The original Pennsylvania Station may be long gone, but if you know where to look, you can still find ghosts of it in the current station.
The Eagles
The original Penn Station, which opened in 1910, featured four identical groups of sculptured eagles and maidens flanking the clocks over the porticos of the four main entrances. They were the work of famed architectural sculptor and coin engraver, Adolph Alexander Weinman, who also designed the Mercury dime and the Walking Liberty half–dollar, coins circulated by the United States Mint during the first half of the 1900’s.
During the demolition of Penn Station during the 1960s, the eagles were saved and transferred to new homes across the nation. Two of them found their way back to the station, facing Seventh Avenue in front of the Two Penn Plaza skyscraper and flanking the entrance to Madison Square Garden.
Ghost Series Murals
The Ghost Series are five monumental bas-relief terra cotta murals by artist Andrew Leicester and installed on the Long Island Railroad (LIRR) Concourse on Penn Station’s lower level. Sponsored by the Metropolitan Transit Agency, they were installed in the 1990s to evoke memories of the former, demolished station.

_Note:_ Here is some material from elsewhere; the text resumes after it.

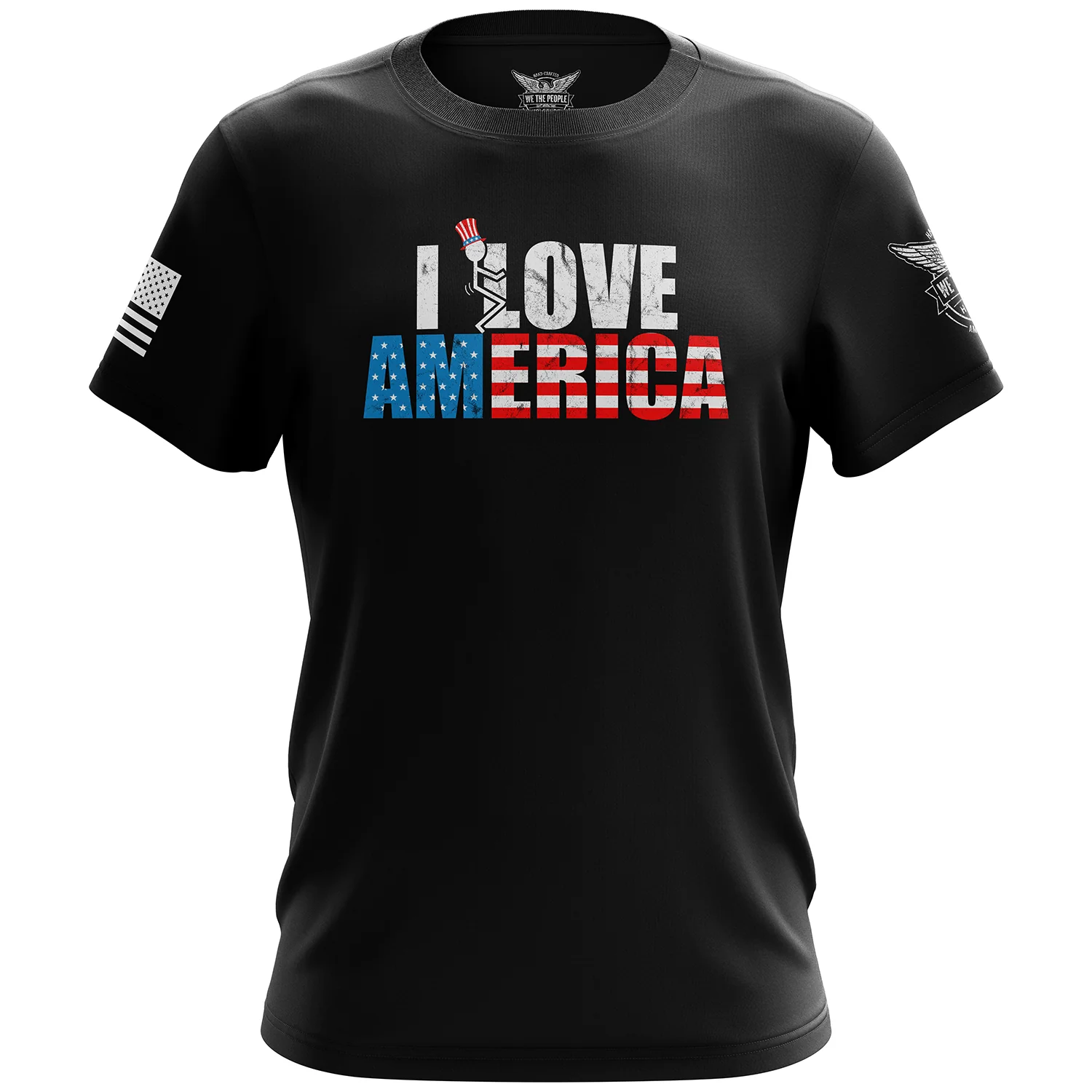 I F'n Love America Short Sleeve Shirt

The first mural, “Day and Night”, depicts two allegorical maidens. It is located at the east end of the LIRR’s North Concourse. Along with the eagle sculptures, the maidens made up the sculptural group by Weinman that flanked the clocks over the old station’s entrances. During demolition of the old station, the maidens (along with most of the old station’s stonework) were dumped in the Jersey Meadowlands, a large wetland in New Jersey also known as the Hackensack Meadowlands after the primary river flowing through it. A photograph taken in 1966 by New York Times photographer Eddie Hausner of one of the stone women upside down in the Meadowlands became an iconic image of the loss of the former station.

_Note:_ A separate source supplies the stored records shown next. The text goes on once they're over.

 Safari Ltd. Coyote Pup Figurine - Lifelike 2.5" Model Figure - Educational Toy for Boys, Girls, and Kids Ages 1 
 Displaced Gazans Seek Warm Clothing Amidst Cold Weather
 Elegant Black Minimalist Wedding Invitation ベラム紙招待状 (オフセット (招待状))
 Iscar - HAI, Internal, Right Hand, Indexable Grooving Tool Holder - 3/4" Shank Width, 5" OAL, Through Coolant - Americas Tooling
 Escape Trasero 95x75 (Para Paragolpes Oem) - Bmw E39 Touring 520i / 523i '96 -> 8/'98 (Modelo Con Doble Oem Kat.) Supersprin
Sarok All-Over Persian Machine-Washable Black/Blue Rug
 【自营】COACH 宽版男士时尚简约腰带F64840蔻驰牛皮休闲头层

Nearby, in the 34th Street passage at the east end of the LIRR’s North Concourse, is the mural, “Plinth”. A plinth is the base or platform upon which a column, pedestal, statue, monument or structure rests. Toppled over and broken up, the columns in the two murals on opposing sides of the passageway evoke the massive 70-foot classical Corinthian columns of the 1910 station’s vast main waiting room, which was larger than the main concourse in Grand Central Terminal.
Other Leicester murals include a porcelain-on-steel rendering of the blueprints of the original station and a sculpture reproduction called “Mercury Man”, located over a staircase down to the platform for Tracks 20 and 21, midway down the LIRR’s North Concourse.
Original Staircases
Below both the “Day and Night” and “Mercury Man” murals, and elsewhere in the station, are staircases with decorative brass and wrought iron railings. These are original from the 1910 station and have survived to the current day, along with a cast-iron partition at the entrance to the LIRR waiting room and the glass block ceilings that once allowed daylight to reach track level but are now dark.
Such functional pre-demolition relics likely survived due to the need to keep the station open during the demolition and reconstruction, to cut costs and because they are located on the less prominent commuter–level of the station.
More Ghosts
On the upper Amtrak level in Penn Station, the original stainless-steel “Mad Men” clocks are mounted on the ceiling. In Iconic images of the original 1910 station, you can see similar large-diameter, double-sided clocks hanging from the ceiling in the main waiting room and train concourses. The current clocks, though from the 1960s, are similar and worthy of preservation. They can be found on the east end of the Amtrak rotunda and in the passageway to the main station entrance on Seventh Avenue.